▶ [EXERCISE DATA]
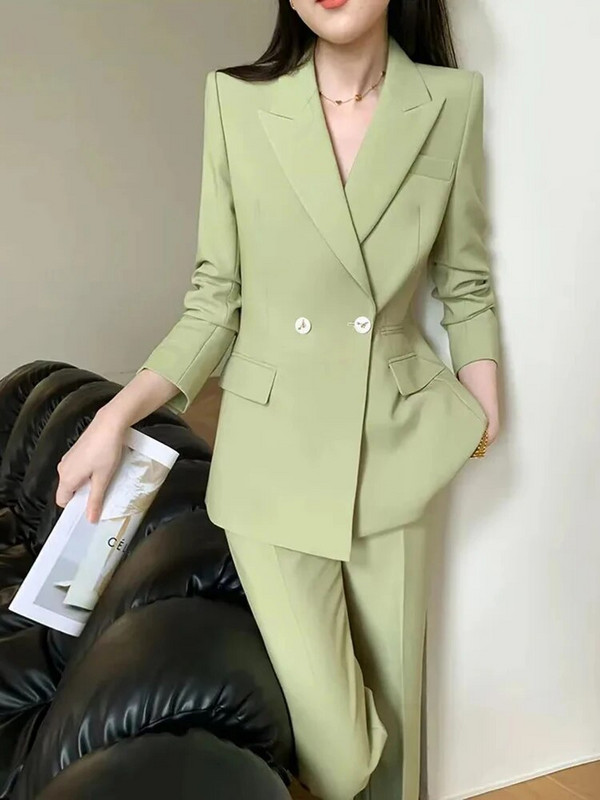 „Ciryy“ kostiumas moterims, 2023 m. biuro apranga, naujas korėjietiškas šviesiai žalios spalvos ilgomis rankovėmis dvieilis švarkas ir kelnių kostiumai aukštu liemeniu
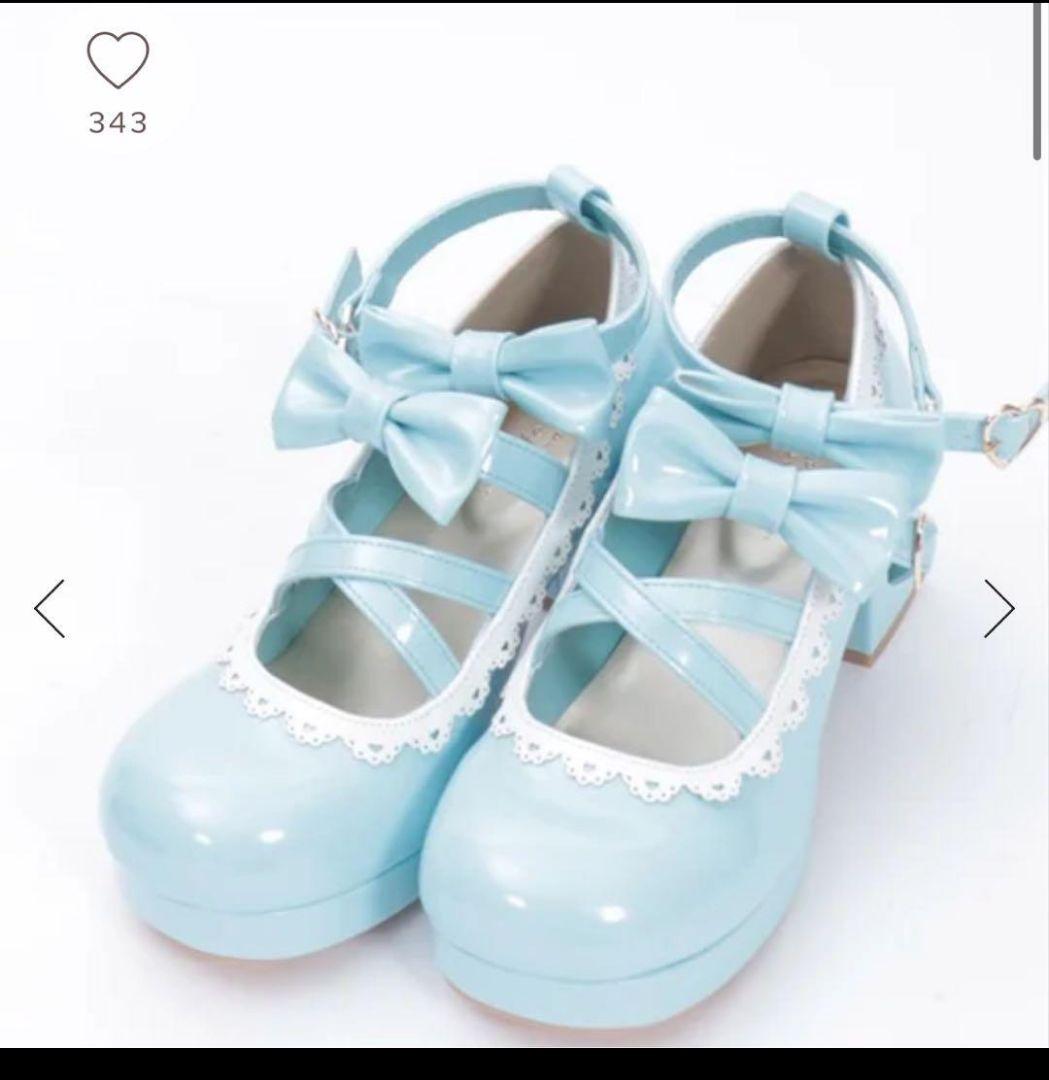 axes femme kwaii　リボンスカラップパンプス　サックス　Mサイズ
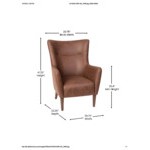 Flash Furniture Connor Dark Brown Modern Faux Leather Wingback Accent Chair with Wooden Legs and Frame Flash Furniture Connor Dark Brown Modern Faux Leather Wingback Accent Chair with Wooden Legs and Frame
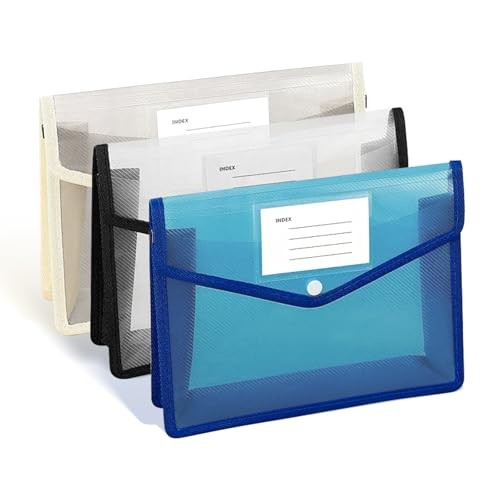 3Pcs Plastic Expanding File Folder, Transparent envelopes Blue+black+tea Grey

▶ [TRY IT] Return the listing exactly as it appears, excluding any image.

▶ [EXERCISE SOLUTION]
 „Ciryy“ kostiumas moterims, 2023 m. biuro apranga, naujas korėjietiškas šviesiai žalios spalvos ilgomis rankovėmis dvieilis švarkas ir kelnių kostiumai aukštu liemeniu
 axes femme kwaii　リボンスカラップパンプス　サックス　Mサイズ
 Flash Furniture Connor Dark Brown Modern Faux Leather Wingback Accent Chair with Wooden Legs and Frame Flash Furniture Connor Dark Brown Modern Faux Leather Wingback Accent Chair with Wooden Legs and Frame
 3Pcs Plastic Expanding File Folder, Transparent envelopes Blue+black+tea Grey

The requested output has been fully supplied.